Print, exactly and without pictures, the lines from the one where "Volante sportivo Defender" appears down to the end of the entries.
═══ ENTRIES SHOWN ═══
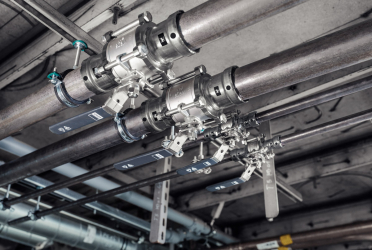 Třídílné kulové kohouty jsou ideální pro využití v průmyslové sféře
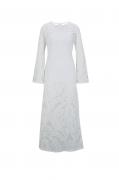 Designer-Strandkleid offwhite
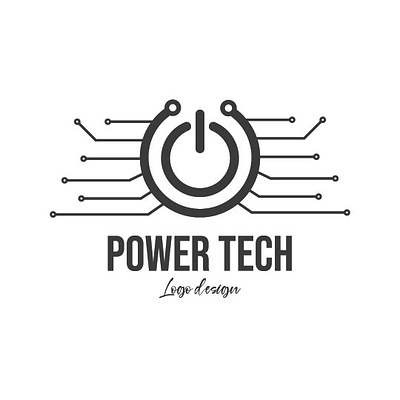 Minimal Tech Logo Design "Power Tech" 3d adobe illustrtor brand identity branding branidng design creative logo graphic design identitiy logo logo design logo designer minimal logo design motion graphics power tech power tech logo design print design tech logo tech logo design technology technology logo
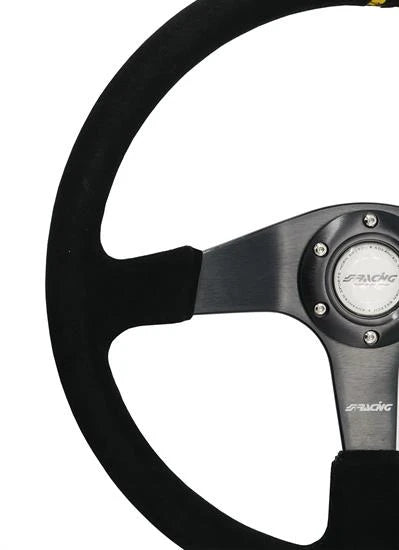 Volante sportivo Defender 38 in camoscio SIMONI RACING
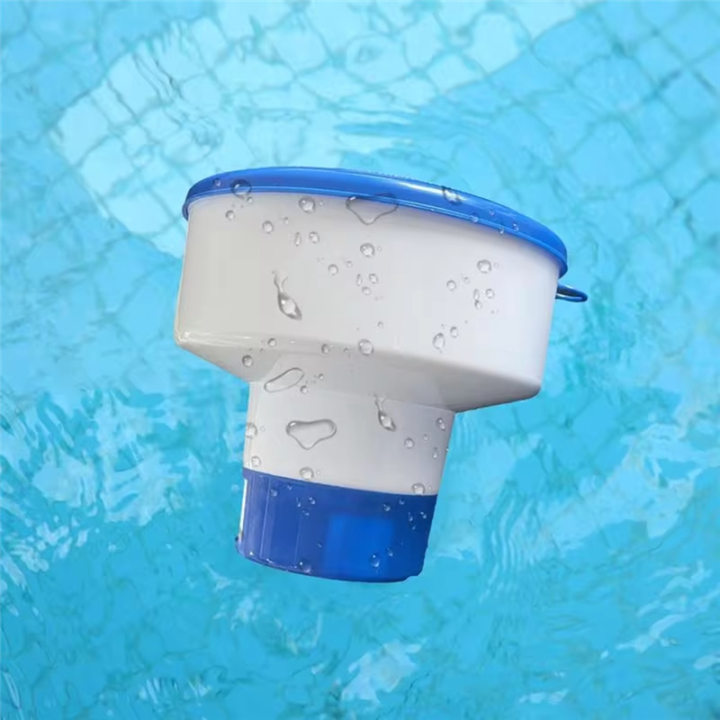 Pool Pill Dispenser 7 Inch Pool Tablet Floater Folding Holder with Pull ...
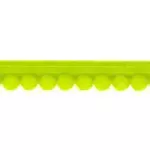 Passamanaria Britania 9022/1 Pompomc/10M Cor B500 Amarelo Fluor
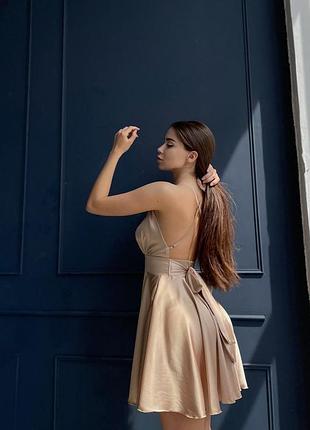Шовкова сукня міні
═══
WRITTEN ANSWER.
 Volante sportivo Defender 38 in camoscio SIMONI RACING
 Pool Pill Dispenser 7 Inch Pool Tablet Floater Folding Holder with Pull ...
 Passamanaria Britania 9022/1 Pompomc/10M Cor B500 Amarelo Fluor
Шовкова сукня міні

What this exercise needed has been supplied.